OECD guidelines cover what you need to know.

February 2, 2016   by Mark Drake

How to deal with cultural challenges in international markets. PHOTO: THINKSTOCK

How to deal with cultural challenges in international markets. PHOTO: THINKSTOCK

Quiz question: what do the initials OECD stand for? It’s short for the Organization for Economic Co-operation and Development, one of the more useful acronyms for exporters. Founded in 1961, and sometimes referred to pejoratively as a club for rich countries, the OECD includes 39 nations from Australia to the US – and of course Canada. It’s a forum where “governments work together to address the economic, social and environmental challenges of globalization.”

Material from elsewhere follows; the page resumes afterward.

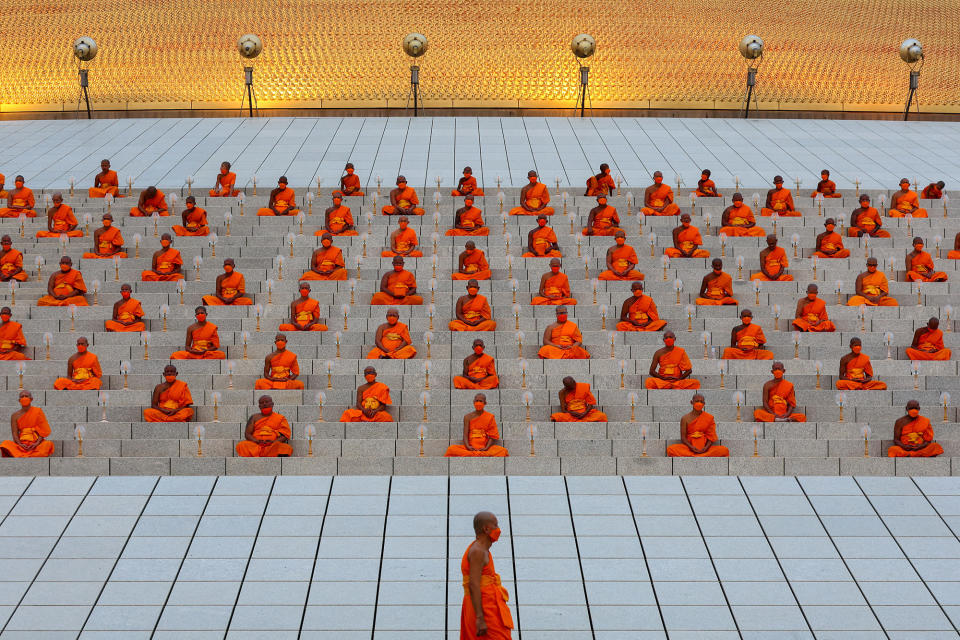 Buddhist monks pray at the Wat Phra Dhammakaya temple during a ceremony commemorating Makha Bucha Day in Pathum Thani province outside Bangkok on March 6, 2023.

Some of these are covered specifically in an interesting and important document for exporters from OECD – the Guidelines for Multi-National Enterprises (MNEs). It’s absolutely not necessary to be a multi-national organization to benefit from these recommendations – they were updated and expanded in 2011 and apply in varying degrees to everyone in business and especially to those working internationally.

Some recommendations are generic (and pretty obvious) such as “MNEs should obey the laws in countries where they operate and be transparent in their undertakings,” but others are helpful in dealing with specific cultural challenges in international markets. Here’s a brief overview.

Human rights (HR). Have a policy commitment to respect HR and deal with adverse impacts whenever and wherever these arise, to the extent that domestic laws allow. This recommendation fits in with the United Nations’ framework to “protect, respect and – where necessary – remedy [abuses].”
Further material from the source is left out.